The 2010 Dodd-Frank Act really is the gift that keeps on giving. What’s it giving us this time? The regulations to enforce Section 1033 of Dodd-Frank, which will likely burden banks with responding to consumer and third-party requests. Section 1033, in case you have forgotten is a consumer data-sharing rule. According to the CFPB, Section 1033 requires banks to make information available regarding products or services that a consumer obtained from the bank, including information relating to transactions (including costs, charges, and usage data). In the view of the CFPB, the Section 1033 rule should empower customers to move away from banks that are not meeting their needs and create more competition in the market. Based on current estimates, expect a proposed rule sometime in 2023 and a final rule sometime in 2024.
The CFPB published a lengthy high-level summary (22 pages) and even lengthier outline of proposals and alternatives (71 pages) of what they’re considering for the proposed rule to implement Section 1033. In these publications are discussions of which institutions would be covered by the proposed rule, which accounts would be covered, who may make requests of covered institutions, and what information may be requested…among other things.
Referred to as “covered data providers,” the publications lean heavily on definitions in Regulation E and Regulation Z. Both regulations apply only to consumers, and Section 1033 is no different. Covered data providers will be comprised of “financial institutions” as defined in Regulation E (e.g., anyone that holds consumer accounts or issues access devices and agrees to provide EFT services), as well as “card issuers” as defined in Regulation Z (e.g., anyone that issues a credit card).
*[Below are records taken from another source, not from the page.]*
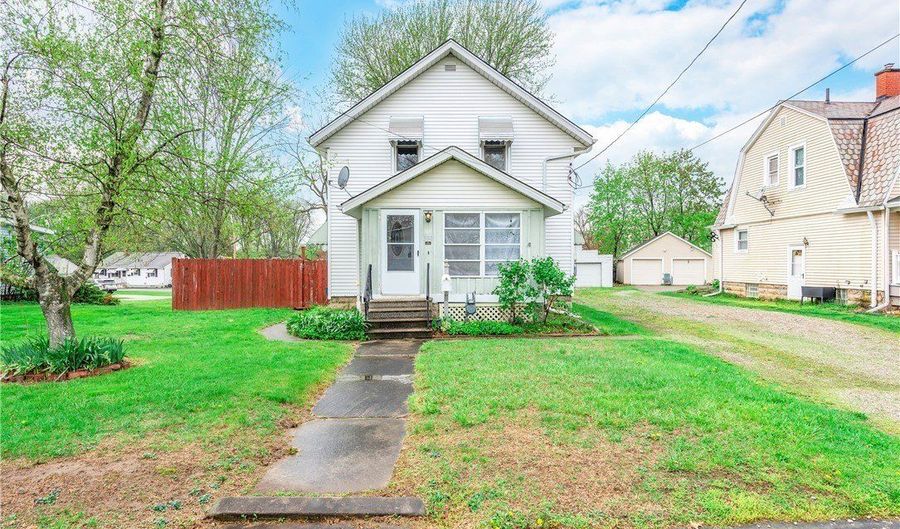 588 Jackson St, Amherst, OH 44001 - 3 Beds, 1 Bath
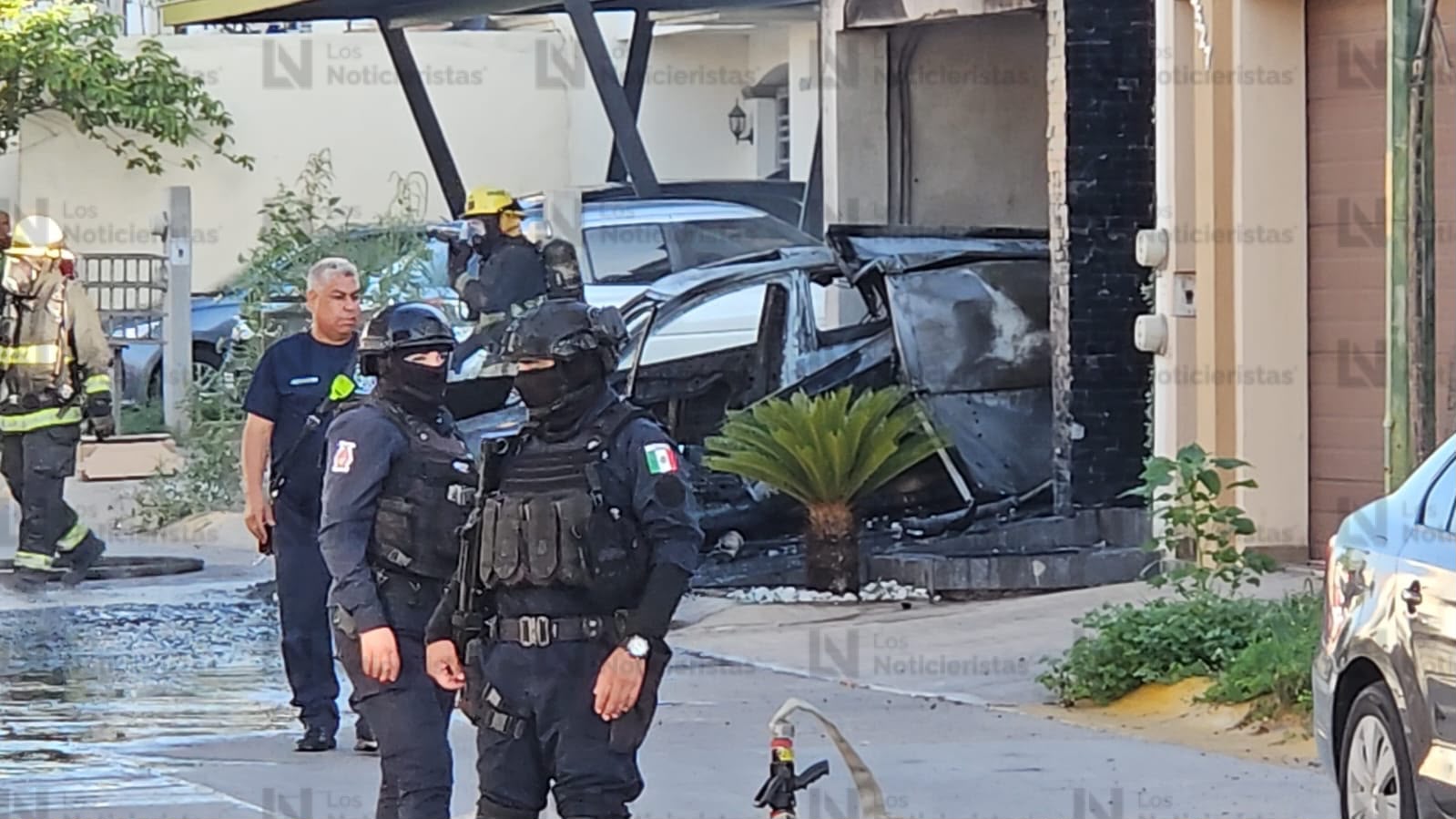 Vandalizan domicilio y queman vehículo en La Conquista de Culiacán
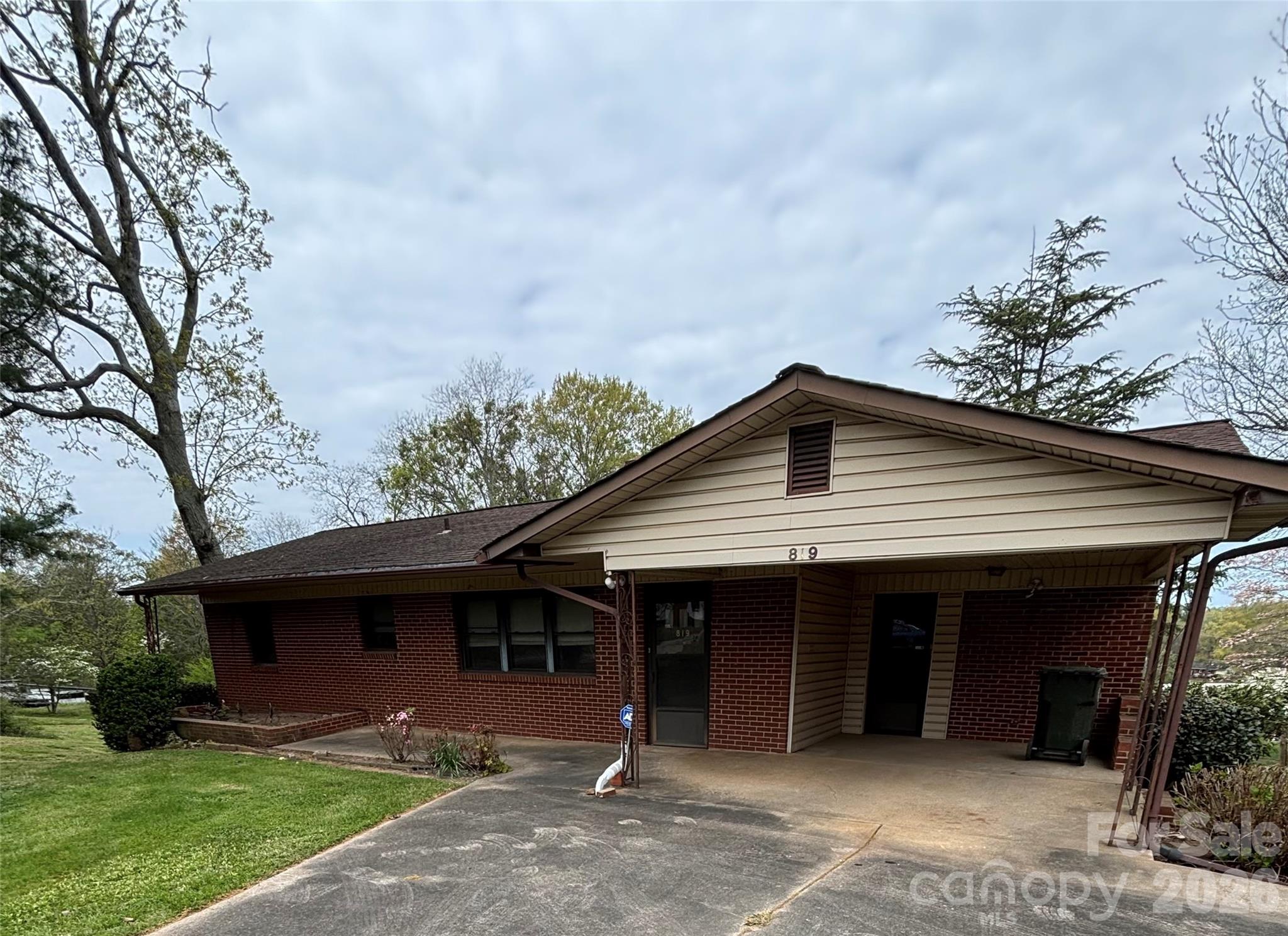 819 N Piedmont Avenue Kings Mountain NC 28086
Covered data providers would provide information regarding an “account” as defined in Regulation E (e.g., a demand deposit, savings, or other consumer account), or a “credit card account under an open-end (not home-secured) consumer credit plan” as defined in Regulation Z (e.g., any open-end account accessed by a card, other than a HELOC or overdraft line).
Requestors of Information
Under the current proposal, both consumers and third parties will be able to make information requests from covered data providers. Consumer requests should be straightforward, but third parties will be required to provide some sort of authorization disclosure to the consumer for which the third party will need to obtain express consent. The third party will also need to certify to the consumer that the third party will abide by certain rules regarding the collection, use and retention of the consumer’s information.
There are six categories of information the CFPB is considering requiring be made available:
1) Transactions and deposits that have settled, fees, account terms and conditions, the annual percentage yield, and the annual percentage rate (as applicable)
2) Prior transactions and deposits that have not yet settled
3) Prior transactions not typically shown on periodic statements or online account portals
4) Online banking transactions that the consumer has set up but that have not yet occurred
5) Account identity information
6) Other information, such as consumer reports, fees assessed on consumer accounts, bonuses, or other incentives, and information about security breaches that exposed consumer information.
When the CFPB publishes nearly 100 pages of guidance as a precursor to a proposed rule, you should expect a lengthy and robust rule will be published at some point in 2023. There’s no way to know for sure exactly what will be in the proposed or final rule but expect banks to be saddled with some level of responsibility for disclosing consumer data upon request. We’re available on the hotline to discuss the guidance published by the CFPB, but the real work on this issue shouldn’t begin until the proposed rule is published at a yet to be determined date in 2023.